During the reporting period, 1 483 777 shares (425 993) were traded at a high of 5.55 EUR and a low of 4.72 EUR. The closing share price at the end of the period was 5.31 EUR.

Short term risks and uncertainties

The objective of Rapala VMC Corporation's risk management is to support the implementation of the Group's strategy and execution of business targets. The importance of risk management has increased as Rapala VMC Corporation has continued to expand its operations. Accordingly, Group management continuously develops its risk management practices and internal controls. Detailed updated descriptions of the Group's strategic, operative and financial risks as well as risk management principles are included in the Financial Statements 2014.

Due to the nature of the fishing tackle business and the geographical scope of the Group's operations, the business has traditionally been seasonally stronger in the first half of the year compared to the second half. Weathers impact consumer demand and may have impact on the Group's sales for current and following seasons. The Group is more affected by winter weathers after the expansion into winter fishing business, while the weather risk is diversified due to the wide geographical footprint of the Group.

The biggest deliveries for both summer and winter seasons are concentrated into relatively short time periods, and hence a well functioning supply chain is required. The uncertainties in future demand as well as the length of the Group's supply chain increases the challenges in supply chain management. Delays in shipments from internal or external suppliers or unexpected changes in customer demand upwards or downwards may lead to shortages and lost sales or excess inventories and subsequent clearance sales with lower margins.     

The Group rearranged its main credit facilities in September 2014. These credit facilities include some profitability, net debt and equity related financial covenants, which are actively monitored. The Group's liquidity and refinancing risks are well under control.

The fishing tackle business has traditionally not been strongly influenced by increased uncertainties and downturns in the general economic climate. They may however influence, at least for a short while, the sales of fishing tackle, when retailers reduce their inventory levels and face financial challenges. Also quick and strong increases in living expenses, sudden fluctuations in foreign exchange rates and governmental austerity measures may temporarily affect consumer spending.
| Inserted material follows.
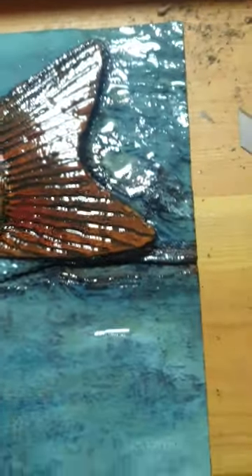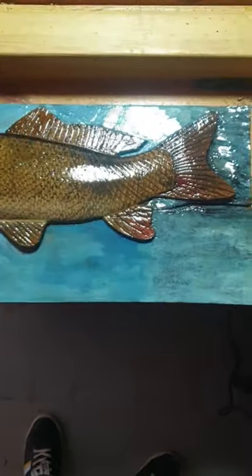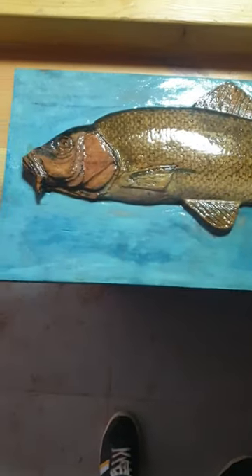Now here comes Grumpy, the head honcho of this fish tank. And the toy fish just bolted like...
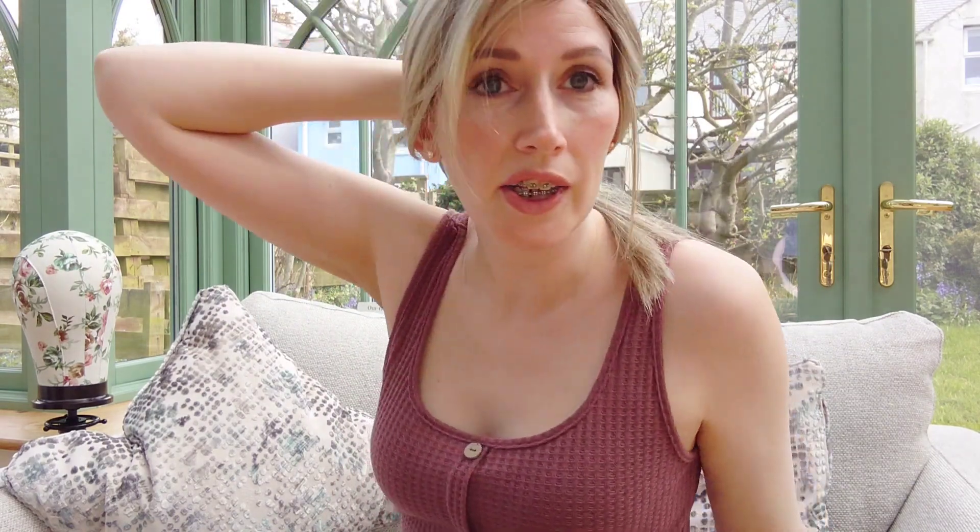It has this side swept fringe which is five inches. You could have that cut into a normal fringe, but it sweeps to the side really easily and doesn't flop in your face at all, which is brilliant. You could pop her half up half down and she'd look very pretty, or up into a full ponytail or a side pony and she'd look very gorgeous.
However, the underlying consumer demand has historically proven to be fairly solid. Political tensions, such as the conflict between Russia and Ukraine, may have negative effects on the Group's business. The development in geopolitical situation is followed closely by the Group.

The truly global nature of the Group's sales and operations spreads the market risks caused by the current uncertainties in the global economy. The Group is cautiously monitoring the development both in the global macro economy as well as in the various local markets it operates in.

Cash collection and credit risk management is high on the agenda of local management and this may affect sales to some customers. Quality of the accounts receivables is monitored closely and write-downs are initiated if needed.

The Group's sales and profitability are impacted by the changes in foreign exchange rates and the risks are monitored actively. To fix the exchange rates of future foreign exchange denominated sales and purchases as well as financial assets and liabilities, the Group has entered into several currency hedging agreements according to the foreign exchange risk management policy set by the Board of Directors. As the Group is not applying hedge accounting in accordance to IAS 39, the unrealized mark-to-market valuations of operative currency hedging agreements have an impact on the Group's reported operating profit. Some of Group's currency positions are not possible or feasible to be hedged, and therefore may have impact on the Group's net result. The Group is closely monitoring market development as well as its cost structure and considering possibility and feasibility of price increases, hedging actions and cost rationalization.

No significant changes are identified in the Group's strategic risks or business environment, except in Russia were uncertainties have increased.